Pulsar Star Classification

Machine learning system for classifying pulsar stars from astronomical data using the HTRU2 dataset

Overview

A comprehensive machine learning system for classifying pulsar stars from astronomical data. This project demonstrates a complete ML pipeline from data acquisition to production deployment, using the HTRU2 dataset to distinguish rare pulsar signals from noise with high accuracy.

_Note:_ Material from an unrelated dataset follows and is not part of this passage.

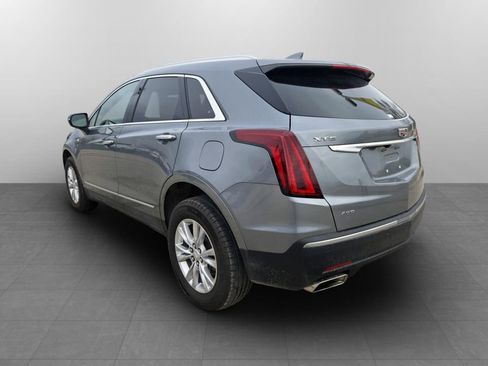 Used 2021 Cadillac XT5 Luxury image 9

Live Demo: https://huggingface.co/spaces/mchadolias/pulsar-classification-htru2

Project Highlights

🎯 Key Features

  • Automated Data Pipeline: Downloads and preprocesses HTRU2 dataset from Kaggle
  • Multiple ML Models: Implements and compares Logistic Regression, Random Forest, Gradient Boosting, and XGBoost
  • Hyperparameter Tuning: Comprehensive GridSearchCV optimization
  • Production API: FastAPI-based REST API with real-time predictions
  • Docker Deployment: Containerized application ready for cloud deployment
  • Interactive Documentation: Swagger UI for easy API testing

📊 Model Performance

Best Model: XGBoost Classifier

  • ROC-AUC: 0.9768
  • Recall: 86.3%
  • Precision: 92.5%
  • F1-Score: 89.3%

The model successfully handles significant class imbalance (9.16% pulsars) while maintaining high detection rates and low false positives.

Technical Implementation

Dataset & Challenge

  • Source: HTRU2 Pulsar Dataset (Kaggle)
  • Samples: 17,898 candidate observations
  • Features: 8 statistical measures from integrated pulse profiles and DM-SNR curves
  • Challenge: Highly imbalanced classification (9.16% positive class)

Machine Learning Pipeline

  • Data Preprocessing: Automated download, validation, and standardization
  • Model Training: 4 algorithms with 8-fold cross-validation
  • Hyperparameter Optimization: Grid search for optimal performance
  • Model Evaluation: Comprehensive metrics and feature importance analysis
  • Production Deployment: FastAPI with Docker containerization

Feature Importance Analysis

Top features contributing to pulsar classification:

  1. ip_kurtosis: 0.4368 (Integrated Profile Kurtosis)
  2. ip_skewness: 0.3520 (Integrated Profile Skewness)
  3. dm_std: 0.0678 (DM-SNR Curve Standard Deviation)
  4. ip_std: 0.0412 (Integrated Profile Standard Deviation)
  5. ip_mean: 0.0298 (Integrated Profile Mean)

Quick Start

Local Development

# Clone repository
git clone https://github.com/mchadolias/pulsar-classification.git
cd pulsar-classification

# Install dependencies
uv sync

# Run complete pipeline
uv run python scripts/main.py

# Start API server
uv run python deployment/predict.py

Docker Deployment

# Build and run container
docker build -t pulsar-classification-api:latest .
docker run -it -p 9696:9696 pulsar-classification-api:latest

# Test API
curl http://localhost:9696/health

API Usage

The deployed API provides several endpoints for real-time pulsar classification:

  • POST /predict - Single sample classification
  • POST /predict_batch - Batch predictions
  • GET /health - Service status check
  • GET /docs - Interactive API documentation

Example Prediction

import requests

# Sample pulsar features
features = [99.367, 41.572, 1.547, 4.154, 27.555, 61.719, 2.208, 3.662]

response = requests.post(
    "https://pulsar-classification.fly.dev/predict",
    json={"features": features}
)

print(response.json())
# {"probability": 0.960, "is_pulsar": true}

Business Impact

This system addresses a real astronomical challenge by automating the identification of pulsar stars, which:

  • Reduces manual verification workload for astronomers
  • Enables faster discovery of valuable astronomical objects
  • Provides consistent, reproducible classification results

Key Technologies

  • Machine Learning: scikit-learn, XGBoost, pandas, numpy
  • API Development: FastAPI, Pydantic, Uvicorn
  • Deployment: Docker, Fly.io
  • Development: UV package manager, Jupyter notebooks

Development Status

✅ Completed: Data pipeline, model training, API development
✅ Deployed: Production API on Fly.io
✅ Documented: Comprehensive README and examples


This project demonstrates end-to-end machine learning capabilities from research to production deployment. The successful classification of pulsar stars showcases practical application of ML in scientific domains.